— WHAT THE TASK REQUIRES —
Return exactly the span of lines in the following data that opens with the line containing "English Art Nouveau" and closes with the line containing "Tablice i flipcharty". Include nothing else.

— PROVIDED DATA —
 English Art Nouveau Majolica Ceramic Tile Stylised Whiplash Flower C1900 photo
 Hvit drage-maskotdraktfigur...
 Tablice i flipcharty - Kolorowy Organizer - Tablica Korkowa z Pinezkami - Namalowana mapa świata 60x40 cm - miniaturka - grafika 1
---
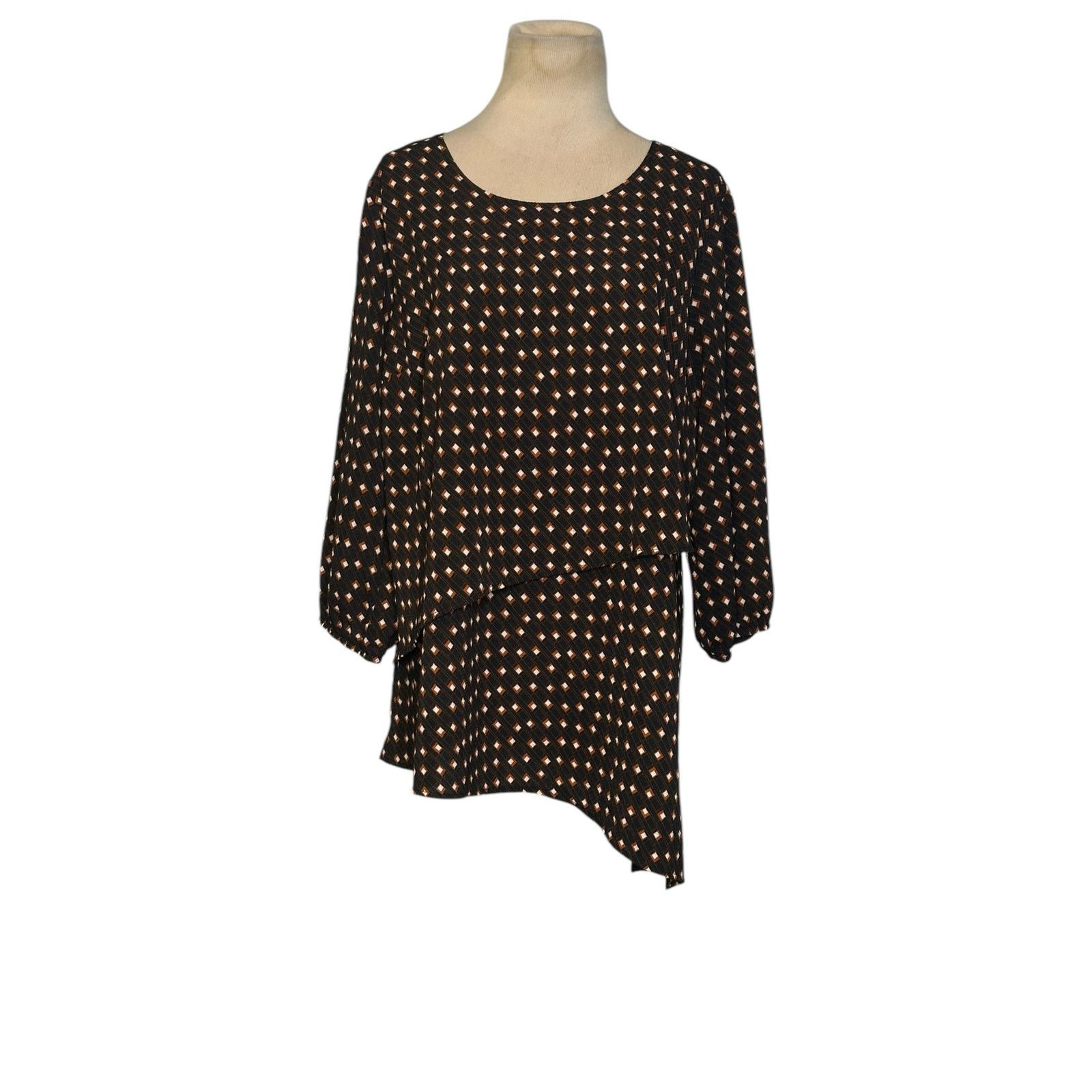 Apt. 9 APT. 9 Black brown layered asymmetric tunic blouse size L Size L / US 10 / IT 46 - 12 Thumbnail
==
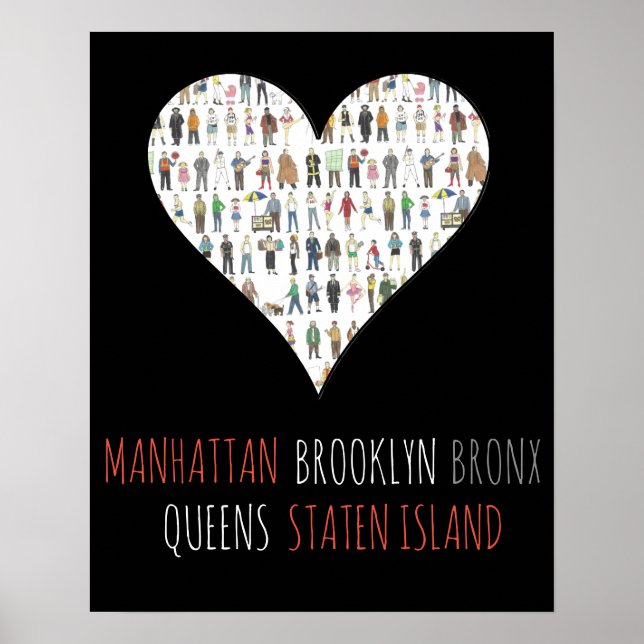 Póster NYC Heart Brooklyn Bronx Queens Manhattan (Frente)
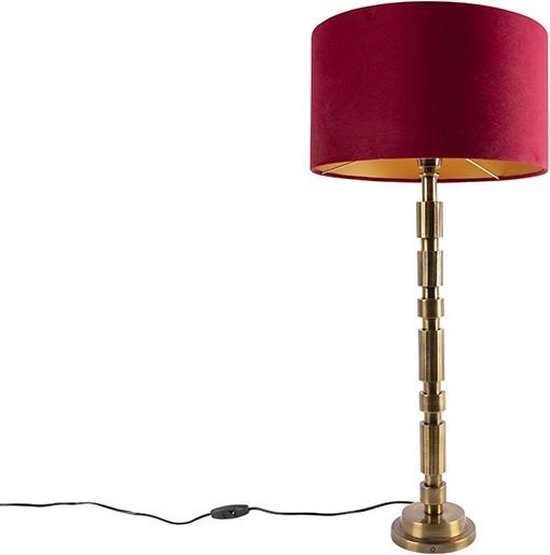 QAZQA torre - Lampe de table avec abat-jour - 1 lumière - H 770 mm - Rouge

— WRITTEN SOLUTION —
 English Art Nouveau Majolica Ceramic Tile Stylised Whiplash Flower C1900 photo
 Hvit drage-maskotdraktfigur...
 Tablice i flipcharty - Kolorowy Organizer - Tablica Korkowa z Pinezkami - Namalowana mapa świata 60x40 cm - miniaturka - grafika 1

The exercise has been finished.